So why this triangle?
Right.
Well, Rory, this theory and its stories
aren't actually completely new to us.
We've covered paranormal events in Alaska before.
And one story is actually one of my favorite cases
we've ever done. Japan Airlines Flight 1628.
I don't remember that case.
This was about four years ago, all the way back in episode 126.
Wow.
We called it Japan Airlines Flight 1628, the most convincing UFO encounter ever.
We really hadn't covered that many UFO encounters at that point
apparently. In 1986 a Japan Airlines flight was running cargo from I believe Japan to the USA,
might have that wrong, but it was cargo across America anyway and at 5 pm on that journey
Captain Kenji Terauchi was cruising at 35,000 feet above the Alaskan wilderness, right inside
the Alaskan Triangle.
To try and jog your memory Rory, he spotted three strange lights in the sky to the west.
Now at first he thought they were military crafts and didn't pay much attention, but
when their movements became erratic and unnatural, he made a report to the Federal Aviation Administration. That transmission described objects flying parallel and then
very close. He described them as two small ships and then the mothership.
Whoa, I do remember this.
Right. The FAA confirmed that there were no other scheduled flights in the area,
military or otherwise. They actually ordered him to take evasive action at the time.
So he dropped altitude and went off course, but even so, they followed him.
Almost for a full hour and 400 miles later, then they finally peeled off.
I'd be so pissed off if I radioed something in like this, and they were like, all right, your orders are evasive action.
You're like, I'm a cargo plane.
I know how to take off and land.
You think I could do a barrel roll in this thing?
The wings would snap.
What am I going to do against fighter jets from planet Gargon?
Like, they're going to be able to track me.
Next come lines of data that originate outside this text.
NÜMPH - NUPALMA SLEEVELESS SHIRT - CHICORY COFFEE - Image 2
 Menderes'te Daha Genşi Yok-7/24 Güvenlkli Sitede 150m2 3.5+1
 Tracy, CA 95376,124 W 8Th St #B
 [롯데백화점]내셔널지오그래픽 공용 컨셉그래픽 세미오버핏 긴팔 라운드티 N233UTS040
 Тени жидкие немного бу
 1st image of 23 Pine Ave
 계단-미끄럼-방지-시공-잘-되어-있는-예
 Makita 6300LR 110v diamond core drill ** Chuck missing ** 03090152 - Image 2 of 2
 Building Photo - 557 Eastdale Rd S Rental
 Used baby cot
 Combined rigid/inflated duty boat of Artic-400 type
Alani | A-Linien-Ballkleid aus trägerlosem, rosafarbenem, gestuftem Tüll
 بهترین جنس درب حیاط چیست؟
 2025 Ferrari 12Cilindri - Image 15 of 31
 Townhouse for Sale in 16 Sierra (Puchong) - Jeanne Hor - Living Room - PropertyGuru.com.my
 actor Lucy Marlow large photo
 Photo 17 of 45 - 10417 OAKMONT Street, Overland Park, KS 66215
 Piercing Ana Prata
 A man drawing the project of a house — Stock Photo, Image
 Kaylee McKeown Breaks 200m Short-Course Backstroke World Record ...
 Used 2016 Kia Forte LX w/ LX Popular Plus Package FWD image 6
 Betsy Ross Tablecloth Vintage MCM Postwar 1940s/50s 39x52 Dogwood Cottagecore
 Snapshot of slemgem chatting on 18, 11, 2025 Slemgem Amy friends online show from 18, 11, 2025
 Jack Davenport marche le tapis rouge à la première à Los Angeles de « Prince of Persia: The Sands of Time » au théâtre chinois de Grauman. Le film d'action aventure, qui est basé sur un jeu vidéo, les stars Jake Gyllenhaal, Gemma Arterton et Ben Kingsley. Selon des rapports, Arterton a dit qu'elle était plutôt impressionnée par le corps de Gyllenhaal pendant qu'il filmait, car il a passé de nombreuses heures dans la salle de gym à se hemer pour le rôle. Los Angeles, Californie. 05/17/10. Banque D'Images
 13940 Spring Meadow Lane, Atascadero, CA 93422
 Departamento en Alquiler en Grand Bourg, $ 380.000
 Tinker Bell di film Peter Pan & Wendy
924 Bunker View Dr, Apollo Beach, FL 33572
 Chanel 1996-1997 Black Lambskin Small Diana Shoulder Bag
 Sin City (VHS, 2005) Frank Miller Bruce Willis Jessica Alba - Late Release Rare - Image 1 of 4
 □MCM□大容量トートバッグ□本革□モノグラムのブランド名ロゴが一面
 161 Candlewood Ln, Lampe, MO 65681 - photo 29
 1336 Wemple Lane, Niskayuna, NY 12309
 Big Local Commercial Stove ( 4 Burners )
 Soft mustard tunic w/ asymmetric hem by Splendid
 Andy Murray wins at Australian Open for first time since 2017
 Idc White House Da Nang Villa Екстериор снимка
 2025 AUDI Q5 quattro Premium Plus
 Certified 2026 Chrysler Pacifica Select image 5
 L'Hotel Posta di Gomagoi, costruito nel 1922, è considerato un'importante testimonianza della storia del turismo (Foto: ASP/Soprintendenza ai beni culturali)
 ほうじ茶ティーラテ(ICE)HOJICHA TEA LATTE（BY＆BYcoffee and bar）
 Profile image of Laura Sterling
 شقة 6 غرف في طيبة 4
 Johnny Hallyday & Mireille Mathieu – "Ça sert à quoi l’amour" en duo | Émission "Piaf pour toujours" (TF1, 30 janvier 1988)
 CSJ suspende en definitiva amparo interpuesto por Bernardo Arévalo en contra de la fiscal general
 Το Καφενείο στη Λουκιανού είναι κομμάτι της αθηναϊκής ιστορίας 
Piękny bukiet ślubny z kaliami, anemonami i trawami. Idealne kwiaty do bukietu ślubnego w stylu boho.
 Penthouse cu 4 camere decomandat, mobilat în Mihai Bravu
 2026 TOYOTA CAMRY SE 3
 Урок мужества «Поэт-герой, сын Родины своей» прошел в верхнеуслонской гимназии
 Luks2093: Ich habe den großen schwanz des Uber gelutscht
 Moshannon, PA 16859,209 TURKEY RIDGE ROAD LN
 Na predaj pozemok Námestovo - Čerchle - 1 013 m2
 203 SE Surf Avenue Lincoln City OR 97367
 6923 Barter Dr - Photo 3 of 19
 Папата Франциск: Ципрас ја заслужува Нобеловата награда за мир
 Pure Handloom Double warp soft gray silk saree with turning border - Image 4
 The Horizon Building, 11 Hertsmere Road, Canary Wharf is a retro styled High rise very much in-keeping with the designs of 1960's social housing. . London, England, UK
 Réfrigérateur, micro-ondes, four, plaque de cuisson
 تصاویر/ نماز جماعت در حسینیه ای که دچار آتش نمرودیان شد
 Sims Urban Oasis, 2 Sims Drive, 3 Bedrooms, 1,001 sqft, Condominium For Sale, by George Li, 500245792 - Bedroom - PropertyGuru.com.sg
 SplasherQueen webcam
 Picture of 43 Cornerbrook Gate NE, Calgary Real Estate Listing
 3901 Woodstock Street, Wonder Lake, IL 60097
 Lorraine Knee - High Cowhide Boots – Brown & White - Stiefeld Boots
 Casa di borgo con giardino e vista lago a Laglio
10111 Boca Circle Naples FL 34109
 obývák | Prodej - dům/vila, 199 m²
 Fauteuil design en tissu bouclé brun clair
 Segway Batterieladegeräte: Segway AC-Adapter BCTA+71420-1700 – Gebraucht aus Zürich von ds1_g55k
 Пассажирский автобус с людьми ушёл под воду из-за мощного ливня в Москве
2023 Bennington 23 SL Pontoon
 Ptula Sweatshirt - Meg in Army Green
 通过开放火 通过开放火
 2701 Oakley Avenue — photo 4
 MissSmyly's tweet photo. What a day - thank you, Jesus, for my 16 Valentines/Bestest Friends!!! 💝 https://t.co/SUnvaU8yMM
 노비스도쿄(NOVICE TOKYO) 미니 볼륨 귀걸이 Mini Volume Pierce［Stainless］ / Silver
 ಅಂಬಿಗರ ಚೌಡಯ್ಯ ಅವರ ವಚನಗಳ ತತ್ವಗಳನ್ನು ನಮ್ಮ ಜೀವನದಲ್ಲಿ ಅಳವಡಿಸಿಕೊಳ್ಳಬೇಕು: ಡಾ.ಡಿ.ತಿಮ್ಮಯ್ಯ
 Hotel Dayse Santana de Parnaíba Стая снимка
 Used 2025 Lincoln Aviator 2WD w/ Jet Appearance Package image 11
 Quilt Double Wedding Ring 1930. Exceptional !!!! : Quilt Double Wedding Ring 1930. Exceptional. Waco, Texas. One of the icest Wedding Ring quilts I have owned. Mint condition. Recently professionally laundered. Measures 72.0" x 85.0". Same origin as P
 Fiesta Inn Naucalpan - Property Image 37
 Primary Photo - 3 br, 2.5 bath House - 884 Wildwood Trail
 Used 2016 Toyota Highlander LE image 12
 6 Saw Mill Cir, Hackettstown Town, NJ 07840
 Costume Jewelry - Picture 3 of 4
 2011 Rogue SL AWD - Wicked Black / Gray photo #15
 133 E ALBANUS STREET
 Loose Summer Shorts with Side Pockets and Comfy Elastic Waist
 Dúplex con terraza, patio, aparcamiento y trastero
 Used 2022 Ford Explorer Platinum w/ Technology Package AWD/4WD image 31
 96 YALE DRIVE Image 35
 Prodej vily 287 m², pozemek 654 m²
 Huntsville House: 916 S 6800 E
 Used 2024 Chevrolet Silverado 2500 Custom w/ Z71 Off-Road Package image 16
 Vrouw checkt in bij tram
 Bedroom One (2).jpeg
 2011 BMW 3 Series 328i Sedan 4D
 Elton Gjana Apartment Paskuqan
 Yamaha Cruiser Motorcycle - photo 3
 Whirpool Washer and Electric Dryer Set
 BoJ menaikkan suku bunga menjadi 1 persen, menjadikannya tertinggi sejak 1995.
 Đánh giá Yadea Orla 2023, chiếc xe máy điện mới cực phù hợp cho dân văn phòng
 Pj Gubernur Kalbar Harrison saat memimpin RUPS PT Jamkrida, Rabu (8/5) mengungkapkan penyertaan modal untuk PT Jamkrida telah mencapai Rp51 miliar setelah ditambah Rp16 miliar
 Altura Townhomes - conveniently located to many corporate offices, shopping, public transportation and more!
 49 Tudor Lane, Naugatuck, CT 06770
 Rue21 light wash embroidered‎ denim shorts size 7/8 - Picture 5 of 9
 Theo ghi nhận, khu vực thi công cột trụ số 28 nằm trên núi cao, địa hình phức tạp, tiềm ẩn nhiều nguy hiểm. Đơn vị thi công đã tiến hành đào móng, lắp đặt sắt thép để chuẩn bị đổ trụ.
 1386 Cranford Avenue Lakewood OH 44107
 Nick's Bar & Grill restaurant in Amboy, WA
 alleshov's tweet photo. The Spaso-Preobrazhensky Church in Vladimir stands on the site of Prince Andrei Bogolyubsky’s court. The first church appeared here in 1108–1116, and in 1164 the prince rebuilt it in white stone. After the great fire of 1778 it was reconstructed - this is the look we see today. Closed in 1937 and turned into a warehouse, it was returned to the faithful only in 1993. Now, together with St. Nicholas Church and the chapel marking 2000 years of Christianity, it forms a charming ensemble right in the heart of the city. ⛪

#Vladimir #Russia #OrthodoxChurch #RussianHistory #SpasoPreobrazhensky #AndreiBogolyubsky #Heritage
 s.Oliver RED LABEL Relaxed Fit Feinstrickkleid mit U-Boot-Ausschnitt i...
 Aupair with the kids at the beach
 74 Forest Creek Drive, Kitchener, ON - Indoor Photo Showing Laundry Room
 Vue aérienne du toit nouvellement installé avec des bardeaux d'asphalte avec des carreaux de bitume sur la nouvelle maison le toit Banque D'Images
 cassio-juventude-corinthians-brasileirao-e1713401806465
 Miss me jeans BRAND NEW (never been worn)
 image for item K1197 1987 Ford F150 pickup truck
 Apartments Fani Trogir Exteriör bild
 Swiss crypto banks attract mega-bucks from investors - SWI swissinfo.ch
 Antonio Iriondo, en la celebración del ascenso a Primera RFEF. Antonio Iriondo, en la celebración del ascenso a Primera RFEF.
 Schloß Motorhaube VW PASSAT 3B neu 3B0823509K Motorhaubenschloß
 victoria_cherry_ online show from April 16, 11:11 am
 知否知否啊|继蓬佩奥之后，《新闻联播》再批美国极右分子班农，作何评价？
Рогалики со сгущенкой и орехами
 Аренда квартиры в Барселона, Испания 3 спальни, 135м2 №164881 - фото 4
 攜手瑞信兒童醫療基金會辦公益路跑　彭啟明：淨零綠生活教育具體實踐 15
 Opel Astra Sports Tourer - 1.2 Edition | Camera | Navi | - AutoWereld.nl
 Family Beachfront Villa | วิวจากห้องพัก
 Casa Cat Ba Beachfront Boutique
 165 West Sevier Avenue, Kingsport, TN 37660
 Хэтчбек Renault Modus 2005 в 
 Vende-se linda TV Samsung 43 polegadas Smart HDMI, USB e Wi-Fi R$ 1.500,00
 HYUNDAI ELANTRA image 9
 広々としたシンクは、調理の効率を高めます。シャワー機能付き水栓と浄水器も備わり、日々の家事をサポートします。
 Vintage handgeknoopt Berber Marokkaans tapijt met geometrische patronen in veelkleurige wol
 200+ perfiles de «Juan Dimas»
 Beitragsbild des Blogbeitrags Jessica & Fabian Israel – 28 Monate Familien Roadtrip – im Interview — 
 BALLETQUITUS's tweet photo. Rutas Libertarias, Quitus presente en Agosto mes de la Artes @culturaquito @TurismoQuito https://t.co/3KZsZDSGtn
It's a tough position to be in.
Yeah.
Because I also don't want to eject.
I don't wanna use the ejector seat.
Really?
Because then I feel like they're just going to,
like if they're gonna War of the Worlds,
just catch me like a Pokemon and a ball, just...
Ah-chomp!
Right, yeah, yeah.
I feel like that's when it's gonna happen,
when I kind of leave my pod.
Right.
See, I'm the exact opposite.
I'm looking for any excuse to pull that lever
and get straight out of there.
If we could be on the runway,
and if my coffee's a little bit too hot before the flight,
I'm just in a sheer panic, pulling the lever on the runway.
They're like, Terauchi, the plane is directly above
a kindergarten, you cannot eject.
I don't give a shit. I'm doing it.
I'm doing it.
They're gonna blip me.
I can feel it.
They're gonna blip me.
I have to eject.
It's a cloud formation, Terauchi.
Calm down.
And not only that,
civilian and military radar later confirmed
strange anomalies detected at the time
of Terauchi's sighting.
It is a really cool case
and I do recommend listening to the episode,
even though we were prepubescent four years ago.
So that's gonna be a little hard listening.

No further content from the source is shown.